§ **Problem statement**
Quote these lines exactly: the one that holds "AIYANISHI Genuine Real" and every line after it to the end of the material below. Skip pictures.

§ **Stored data**

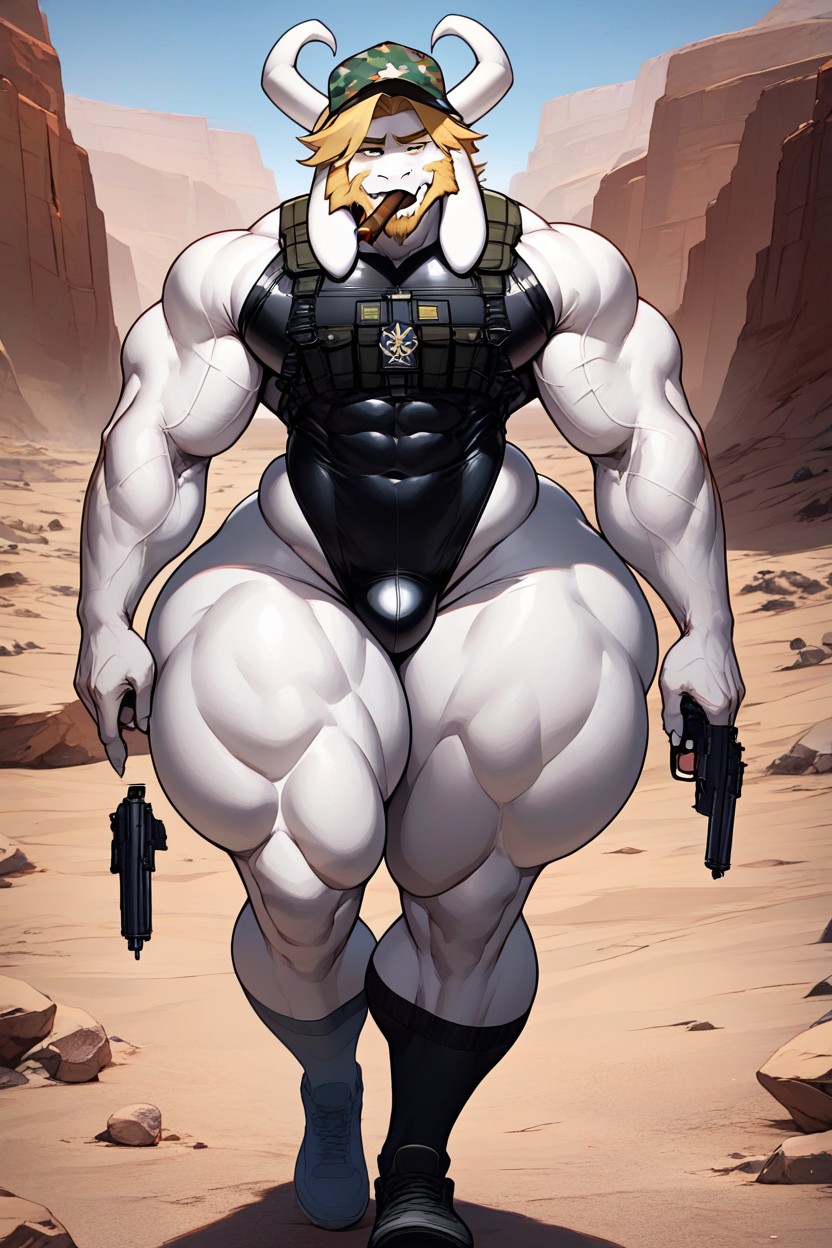 Military Tent, Long Ears, Muscular AI Gay Porn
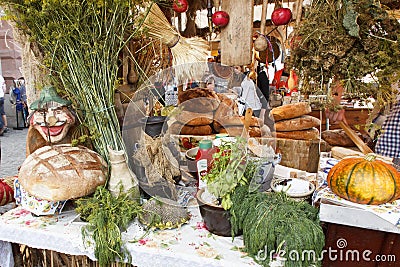 Market in the old part of Gdansk with many happy people on the street, nice summer dayK Editorial Stock Photo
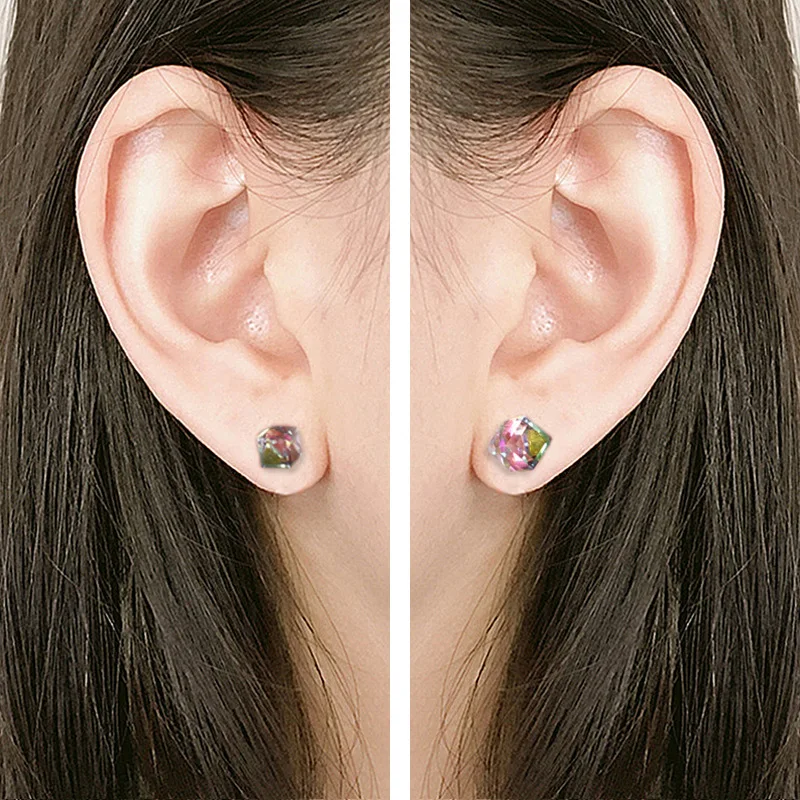 

AIYANISHI Genuine Real Pure Solid 925 Sterling Silver Stud Female Earrings Cute Shining 4-8mm Stud Earrings Bijoux Girl TeenGift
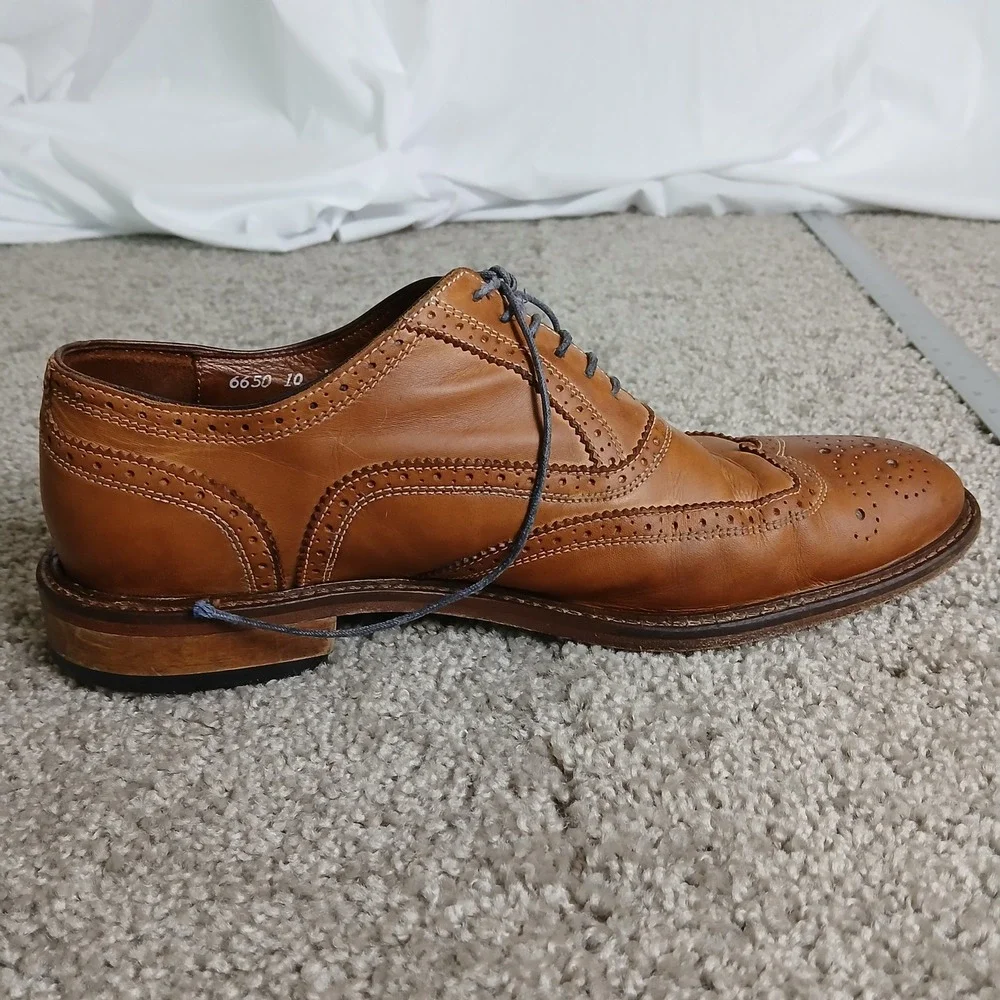 Cuoio Mens Tan Leather Wingtip Brogue Oxford Dress Shoes Made in Italy 6650 10M
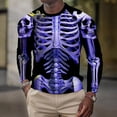 thumbnail image 2 of ZXLBBD Tshirts Shirts for Men Halloween Skeleton Print Long Sleeve Graphic Tee Crew Neck Slim Fit Theme Party T Shirts for Man Outdoor,Purple,XL, 2 of 5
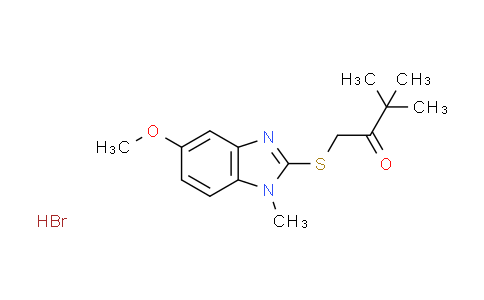 CAS No. 460708-97-8, 1-[(5-methoxy-1-methyl-1H-benzimidazol-2-yl)thio]-3,3-dimethyl-2-butanone hydrobromide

§ **Your solution**
AIYANISHI Genuine Real Pure Solid 925 Sterling Silver Stud Female Earrings Cute Shining 4-8mm Stud Earrings Bijoux Girl TeenGift
 Cuoio Mens Tan Leather Wingtip Brogue Oxford Dress Shoes Made in Italy 6650 10M
 thumbnail image 2 of ZXLBBD Tshirts Shirts for Men Halloween Skeleton Print Long Sleeve Graphic Tee Crew Neck Slim Fit Theme Party T Shirts for Man Outdoor,Purple,XL, 2 of 5
 CAS No. 460708-97-8, 1-[(5-methoxy-1-methyl-1H-benzimidazol-2-yl)thio]-3,3-dimethyl-2-butanone hydrobromide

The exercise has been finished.